Hemodialysis is not the only form of dialysis available. For certain patients peritoneal dialysis may be an option. This involves placing a large amount of fluid called dialysate into the abdominal cavity, allowing it to filter out the toxins from the blood, and then draining it from the abdomen. This is generally done through a long tube that is inserted into the abdomen laparoscopically and then hangs out through the skin. The advantage to this is that peritoneal dialysis can typically be done at home while sleeping at night. The down side is again, the foreign body that is the tube for placing the dialysate.
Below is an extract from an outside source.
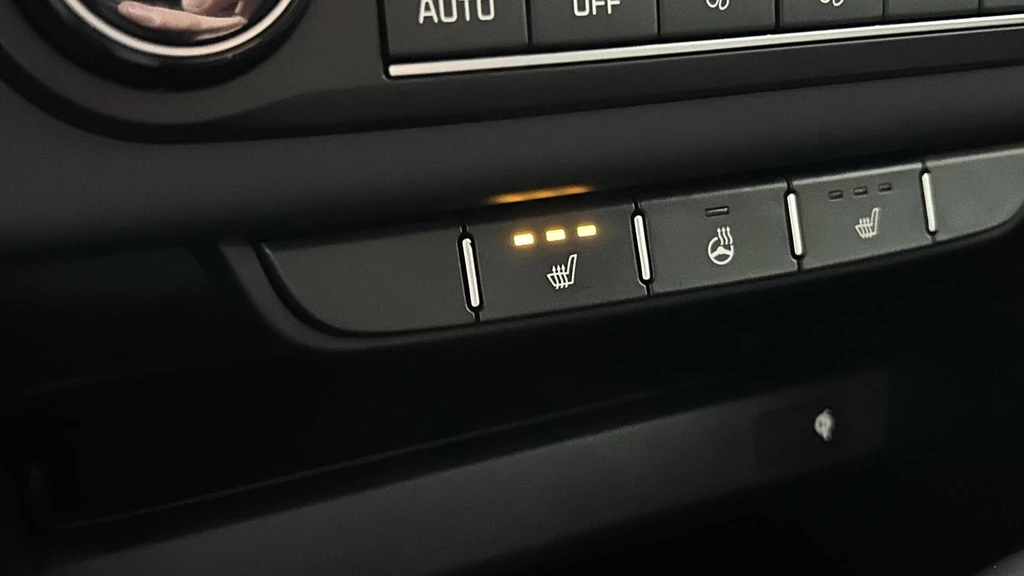 Kia Ceed Sportswagon – foto 50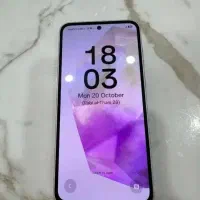 گوشی سامسونگ a16رام6حافظه 128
At Southwest General Surgery we perform a large number of each of the procedures that are described above. We would be happy to discuss with you the options for you and create a plan that is best for you in the long run.
There are many reasons to have an IV port placed. These include chemotherapy, long term TPN, repeated need for IV access in someone who is difficult to get a IV in, etc. The procedure most commonly involves sticking one of the big veins in the neck or under the collarbone and then placing a long catheter under x-ray guidance in the large vein that leads to the heart. The catheter is then connected to a subcutaneous port that is placed under the skin. This allows the subcutaneous port to be easily stuck with a special needle to get IV access.
The ports can be used indefinitely if well cared for and sterile technique is used with accessing them. When they are no longer needed they can easily be removed through the same small incision used to place them.
At Southwest General Surgery we understand the urgent need for most of these devices and will work to try get yours placed in a timely manner. The procedure is done in the sterile environment of the operating room under IV sedation or general anesthesia. It is typically an outpatient procedure and the device can be used the same day it is placed.
A tunneled IV catheter is similar to an IV port and has similar uses. It is generally placed in one of the big veins of the neck or under the collarbone with x-ray guidance. The other end of the catheter is tunneled under the skin and brought out through the skin of the chest. There is a small cuff on the catheter that scars into the tissue and helps prevent infections. These catheters are generally placed for more daily use like long term IV antibiotics. There is a lower risk of infection of these catheters when they are used frequently compared to the IV ports. The down side compared to the IV ports is that they do have a portion that hangs out of the skin when not in use and care must be taken not to tangle it on anything.
The different options for IV access have different pros and cons. We would be happy to discuss them with you and help you decide on an option that is appropriate for you.